Snowmass, Colorado

Snowmass is the largest and most popular of the Aspen ski resorts. It has a large amount of ski-in/ski-out lodging and lots of easy terrain so is very popular with visiting families.

Two Creeks groomer at Snowmass, March 2016

Two Creeks groomer at Snowmass, March 2016

Stats

Vertical Drop 4406′
Size 3332 Acres
Annual Snowfall 300 Inches claimed / 300 Actual: Rank 40
Lifts 20
Trails 96
Review Date March 2016 (multiple from 1978)
Number of visits 3
Our Rating ★★★★
Snowmass Trail map 2016/17

Snowmass Trail map 2016/17

Review

Snowmass is an interesting problem for us when writing a review. It really has everything that anyone could ask for in a ski resort, but it’s not as compelling as the 2 other Aspen resorts for us. I think the main issue is that like Breckenridge, the lower half of the mountain is very flat. The steeper stuff is there, but you have to search for it.

Our first time skiing there together was back when AiRung was still learning and it was heaven for her because of all the wide easy intermediate runs. When we went back 8-years later we were looking for more challenge and spent most of our time in the areas where the steeper terrain was.

Big Burn at Snowmass, December 2008

Big Burn at Snowmass, December 2008

The most distinguishing feature for Snowmass which propels it to 4-star status is the extremely wide intermediate runs. I can’t think of a place that has more of them, and because of that the runs themselves rarely feel crowded. There is a lot of space to spread out there and it is very unique. The Big Burn, Alpine Springs, and Village lifts are the best examples of these very wide runs and all of those lifts are busy. Another popular intermediate pod is Elk Camp which has some interesting terrain that is not as wide.

Typical Snowmass terrain, March 2016

Typical Snowmass terrain, March 2016

We spent most of our time on Sheer Bliss, High Alpine, Sam’s Knob, and Campground. You can link Campground and Sam’s Knob to get impressive top-to-bottom black runs on Campground and Slot. These were our favorite runs. High Alpine is all good with some steep groomers.

Campground at Snowmass, March 2016

Campground at Snowmass, March 2016

From the top of Sheer Bliss you can take the T-Bar to the top of the Cirque. This is above treeline and really got scoured by the wind when we were there. They somehow get snow to stick on some narrow paths at the top so you can get to the short skiable sections of the headwall. Below the headwall it gets very interesting with a long section of natural terrain back down to the bottom of Sheer Bliss.

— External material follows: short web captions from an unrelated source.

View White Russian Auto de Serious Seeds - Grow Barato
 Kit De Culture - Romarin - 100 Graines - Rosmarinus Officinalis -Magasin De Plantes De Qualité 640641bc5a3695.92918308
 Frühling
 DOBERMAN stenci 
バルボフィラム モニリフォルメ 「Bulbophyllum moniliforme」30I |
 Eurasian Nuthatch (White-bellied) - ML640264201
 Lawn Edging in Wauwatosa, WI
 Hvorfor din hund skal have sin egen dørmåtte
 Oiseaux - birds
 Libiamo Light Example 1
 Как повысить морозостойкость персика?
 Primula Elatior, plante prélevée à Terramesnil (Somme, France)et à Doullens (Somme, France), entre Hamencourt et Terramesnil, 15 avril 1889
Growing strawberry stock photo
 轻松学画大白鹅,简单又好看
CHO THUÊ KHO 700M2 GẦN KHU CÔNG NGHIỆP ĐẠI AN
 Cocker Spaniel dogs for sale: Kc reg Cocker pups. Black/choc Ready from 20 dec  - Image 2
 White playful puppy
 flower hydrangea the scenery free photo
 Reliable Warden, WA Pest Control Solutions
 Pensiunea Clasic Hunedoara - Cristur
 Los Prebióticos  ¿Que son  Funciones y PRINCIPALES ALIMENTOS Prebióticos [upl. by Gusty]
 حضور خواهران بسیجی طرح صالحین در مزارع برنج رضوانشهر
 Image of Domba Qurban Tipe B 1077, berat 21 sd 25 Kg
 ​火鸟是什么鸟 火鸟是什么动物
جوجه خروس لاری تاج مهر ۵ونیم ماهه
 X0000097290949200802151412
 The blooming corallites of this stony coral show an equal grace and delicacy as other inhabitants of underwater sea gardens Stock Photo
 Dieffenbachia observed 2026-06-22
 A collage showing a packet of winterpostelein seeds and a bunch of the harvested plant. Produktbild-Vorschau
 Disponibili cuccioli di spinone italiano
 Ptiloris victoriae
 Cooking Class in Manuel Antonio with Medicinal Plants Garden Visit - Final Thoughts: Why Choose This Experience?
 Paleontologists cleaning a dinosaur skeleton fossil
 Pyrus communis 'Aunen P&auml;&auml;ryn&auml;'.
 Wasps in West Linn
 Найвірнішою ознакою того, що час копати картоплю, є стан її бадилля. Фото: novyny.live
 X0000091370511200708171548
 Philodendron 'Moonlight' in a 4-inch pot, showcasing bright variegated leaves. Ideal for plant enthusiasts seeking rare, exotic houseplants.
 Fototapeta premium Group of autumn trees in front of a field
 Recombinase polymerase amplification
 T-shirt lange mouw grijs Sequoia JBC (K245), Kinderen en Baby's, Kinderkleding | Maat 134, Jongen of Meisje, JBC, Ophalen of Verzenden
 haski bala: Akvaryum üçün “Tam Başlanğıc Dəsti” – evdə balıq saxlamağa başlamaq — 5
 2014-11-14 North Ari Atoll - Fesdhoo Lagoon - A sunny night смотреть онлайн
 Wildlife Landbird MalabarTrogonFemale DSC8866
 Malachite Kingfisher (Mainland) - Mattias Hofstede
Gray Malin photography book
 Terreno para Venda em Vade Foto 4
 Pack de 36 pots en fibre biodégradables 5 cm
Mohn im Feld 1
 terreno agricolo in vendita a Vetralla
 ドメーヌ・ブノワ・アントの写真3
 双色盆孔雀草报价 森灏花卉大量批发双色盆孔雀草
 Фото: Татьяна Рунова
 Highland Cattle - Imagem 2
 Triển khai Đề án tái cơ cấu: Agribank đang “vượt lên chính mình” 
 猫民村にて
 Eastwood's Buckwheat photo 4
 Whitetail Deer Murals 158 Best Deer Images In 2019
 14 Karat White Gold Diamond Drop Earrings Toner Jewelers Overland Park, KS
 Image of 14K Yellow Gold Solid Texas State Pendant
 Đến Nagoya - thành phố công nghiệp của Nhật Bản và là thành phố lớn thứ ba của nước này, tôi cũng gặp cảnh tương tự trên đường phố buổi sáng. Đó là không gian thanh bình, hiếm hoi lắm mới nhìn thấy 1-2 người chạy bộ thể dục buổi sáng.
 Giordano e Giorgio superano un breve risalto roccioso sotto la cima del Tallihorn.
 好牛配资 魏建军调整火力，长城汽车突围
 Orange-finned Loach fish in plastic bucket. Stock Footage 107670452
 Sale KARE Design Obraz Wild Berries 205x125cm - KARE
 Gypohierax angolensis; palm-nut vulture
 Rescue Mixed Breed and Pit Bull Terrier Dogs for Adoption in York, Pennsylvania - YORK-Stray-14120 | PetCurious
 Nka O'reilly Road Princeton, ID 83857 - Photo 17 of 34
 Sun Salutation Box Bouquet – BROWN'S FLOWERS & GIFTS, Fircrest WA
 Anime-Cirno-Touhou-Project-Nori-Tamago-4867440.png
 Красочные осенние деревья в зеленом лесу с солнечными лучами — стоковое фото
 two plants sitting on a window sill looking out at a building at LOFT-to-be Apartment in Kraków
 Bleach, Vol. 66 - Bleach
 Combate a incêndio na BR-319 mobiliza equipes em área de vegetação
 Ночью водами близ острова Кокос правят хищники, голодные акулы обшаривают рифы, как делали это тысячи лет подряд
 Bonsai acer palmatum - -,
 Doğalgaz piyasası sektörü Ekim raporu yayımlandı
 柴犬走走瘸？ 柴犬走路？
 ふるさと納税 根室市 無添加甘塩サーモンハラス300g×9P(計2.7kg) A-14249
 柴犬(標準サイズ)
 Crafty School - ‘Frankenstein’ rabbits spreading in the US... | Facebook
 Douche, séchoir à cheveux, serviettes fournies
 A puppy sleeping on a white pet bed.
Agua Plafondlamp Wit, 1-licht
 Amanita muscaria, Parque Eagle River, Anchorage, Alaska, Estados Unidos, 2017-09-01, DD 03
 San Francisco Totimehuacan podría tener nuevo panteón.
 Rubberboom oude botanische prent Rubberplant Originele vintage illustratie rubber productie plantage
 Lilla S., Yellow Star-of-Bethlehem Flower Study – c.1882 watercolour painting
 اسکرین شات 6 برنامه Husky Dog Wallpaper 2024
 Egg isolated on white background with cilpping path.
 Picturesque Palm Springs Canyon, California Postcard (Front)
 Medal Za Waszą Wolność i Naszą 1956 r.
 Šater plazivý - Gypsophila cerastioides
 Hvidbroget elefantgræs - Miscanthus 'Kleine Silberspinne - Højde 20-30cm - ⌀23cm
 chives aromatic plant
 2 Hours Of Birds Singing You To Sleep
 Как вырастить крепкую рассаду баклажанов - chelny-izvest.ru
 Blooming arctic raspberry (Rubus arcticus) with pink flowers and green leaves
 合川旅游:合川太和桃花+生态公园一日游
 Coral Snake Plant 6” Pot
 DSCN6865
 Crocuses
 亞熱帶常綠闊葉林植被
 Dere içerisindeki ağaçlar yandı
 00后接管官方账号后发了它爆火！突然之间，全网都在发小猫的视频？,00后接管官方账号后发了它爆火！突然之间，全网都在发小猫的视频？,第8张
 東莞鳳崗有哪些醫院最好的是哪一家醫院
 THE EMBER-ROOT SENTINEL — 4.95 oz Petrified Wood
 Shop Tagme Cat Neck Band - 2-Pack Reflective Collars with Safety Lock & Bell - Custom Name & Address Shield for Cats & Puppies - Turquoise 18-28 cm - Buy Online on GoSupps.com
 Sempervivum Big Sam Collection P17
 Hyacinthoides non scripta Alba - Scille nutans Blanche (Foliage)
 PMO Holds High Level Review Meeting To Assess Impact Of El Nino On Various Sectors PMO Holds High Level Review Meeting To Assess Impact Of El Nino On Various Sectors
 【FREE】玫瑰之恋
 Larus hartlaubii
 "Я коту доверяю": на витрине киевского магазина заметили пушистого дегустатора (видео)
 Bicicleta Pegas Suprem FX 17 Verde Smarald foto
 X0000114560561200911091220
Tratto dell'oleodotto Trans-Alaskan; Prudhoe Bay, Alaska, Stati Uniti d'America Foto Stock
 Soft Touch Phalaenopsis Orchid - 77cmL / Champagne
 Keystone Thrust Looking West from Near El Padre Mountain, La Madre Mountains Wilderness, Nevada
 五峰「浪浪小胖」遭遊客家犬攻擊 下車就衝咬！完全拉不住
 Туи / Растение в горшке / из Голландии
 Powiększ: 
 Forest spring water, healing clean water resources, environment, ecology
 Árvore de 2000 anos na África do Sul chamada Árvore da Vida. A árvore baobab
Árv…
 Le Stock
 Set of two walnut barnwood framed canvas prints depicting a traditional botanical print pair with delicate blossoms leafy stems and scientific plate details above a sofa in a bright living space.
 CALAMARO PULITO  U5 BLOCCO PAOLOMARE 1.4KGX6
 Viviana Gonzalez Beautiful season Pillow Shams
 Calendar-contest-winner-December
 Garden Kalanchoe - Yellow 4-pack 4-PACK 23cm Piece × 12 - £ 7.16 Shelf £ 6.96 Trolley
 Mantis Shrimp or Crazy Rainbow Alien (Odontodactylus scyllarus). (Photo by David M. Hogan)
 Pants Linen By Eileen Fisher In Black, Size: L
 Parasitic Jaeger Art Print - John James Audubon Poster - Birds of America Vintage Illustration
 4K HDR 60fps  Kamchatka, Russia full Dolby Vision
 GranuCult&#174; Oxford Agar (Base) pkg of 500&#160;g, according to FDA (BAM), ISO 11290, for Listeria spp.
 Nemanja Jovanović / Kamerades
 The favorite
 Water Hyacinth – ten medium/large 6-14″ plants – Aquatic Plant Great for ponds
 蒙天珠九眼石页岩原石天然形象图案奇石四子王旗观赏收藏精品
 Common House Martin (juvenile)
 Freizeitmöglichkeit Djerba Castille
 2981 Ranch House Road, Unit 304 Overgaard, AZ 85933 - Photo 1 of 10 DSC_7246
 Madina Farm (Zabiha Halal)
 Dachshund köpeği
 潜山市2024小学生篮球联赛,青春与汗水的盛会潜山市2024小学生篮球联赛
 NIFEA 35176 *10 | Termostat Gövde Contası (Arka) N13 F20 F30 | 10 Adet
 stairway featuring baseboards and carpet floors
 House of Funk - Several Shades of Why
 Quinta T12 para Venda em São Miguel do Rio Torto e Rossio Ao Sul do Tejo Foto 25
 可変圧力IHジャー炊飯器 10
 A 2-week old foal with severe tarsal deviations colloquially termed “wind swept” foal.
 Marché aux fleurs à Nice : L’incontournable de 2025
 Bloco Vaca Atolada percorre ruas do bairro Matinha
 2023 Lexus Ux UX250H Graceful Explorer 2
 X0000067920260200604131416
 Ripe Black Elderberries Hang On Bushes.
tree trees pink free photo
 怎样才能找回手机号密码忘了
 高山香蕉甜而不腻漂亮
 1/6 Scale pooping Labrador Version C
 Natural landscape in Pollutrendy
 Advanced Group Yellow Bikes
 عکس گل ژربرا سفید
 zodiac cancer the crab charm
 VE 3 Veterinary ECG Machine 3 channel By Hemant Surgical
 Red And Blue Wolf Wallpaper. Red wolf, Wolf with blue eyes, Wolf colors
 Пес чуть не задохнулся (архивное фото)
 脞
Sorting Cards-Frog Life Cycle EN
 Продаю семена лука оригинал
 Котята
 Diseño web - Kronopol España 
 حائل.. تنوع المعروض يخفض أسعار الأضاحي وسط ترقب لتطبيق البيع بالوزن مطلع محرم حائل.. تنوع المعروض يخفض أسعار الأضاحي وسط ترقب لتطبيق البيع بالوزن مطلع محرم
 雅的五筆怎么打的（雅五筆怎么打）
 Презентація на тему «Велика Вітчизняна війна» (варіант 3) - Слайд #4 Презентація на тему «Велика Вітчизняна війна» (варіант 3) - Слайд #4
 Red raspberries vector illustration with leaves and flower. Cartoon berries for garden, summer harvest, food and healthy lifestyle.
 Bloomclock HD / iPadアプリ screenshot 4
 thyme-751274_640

We never made it to Hanging Valley or Burnt Mountain glades which looks very interesting. It’s a large mountain and you really need several days to explore everything. The trail map is a bit deceptive because some of the main lifts look short but they all have at least 1,200 vertical and Sheer Bliss is a whopping 2,200.

Gowdy's at Snowmass, March 2016

Gowdy’s at Snowmass, March 2016

The good

  • Large, with many ski pods and lots of vertical
  • Excellent grooming
  • Complete modern resort experience
Powder at Snowmass, March 2016

Powder at Snowmass, March 2016

The bad

  • Not that challenging for such a large resort
  • Ski culture is not as strong as at the other Aspen resorts
  • Nothing really stands out as a differentiator from other large resorts in Colorado
Big Burn powder at Snowmass, March 2016

Big Burn powder at Snowmass, March 2016

Would we go back

We made 2 trips to Snowmass because we really liked it the first time. Going again may be a stretch since we prefer Highlands and Aspen Mountain, but if you are going to Aspen you will definitely want to ski at Snowmass for a couple of days.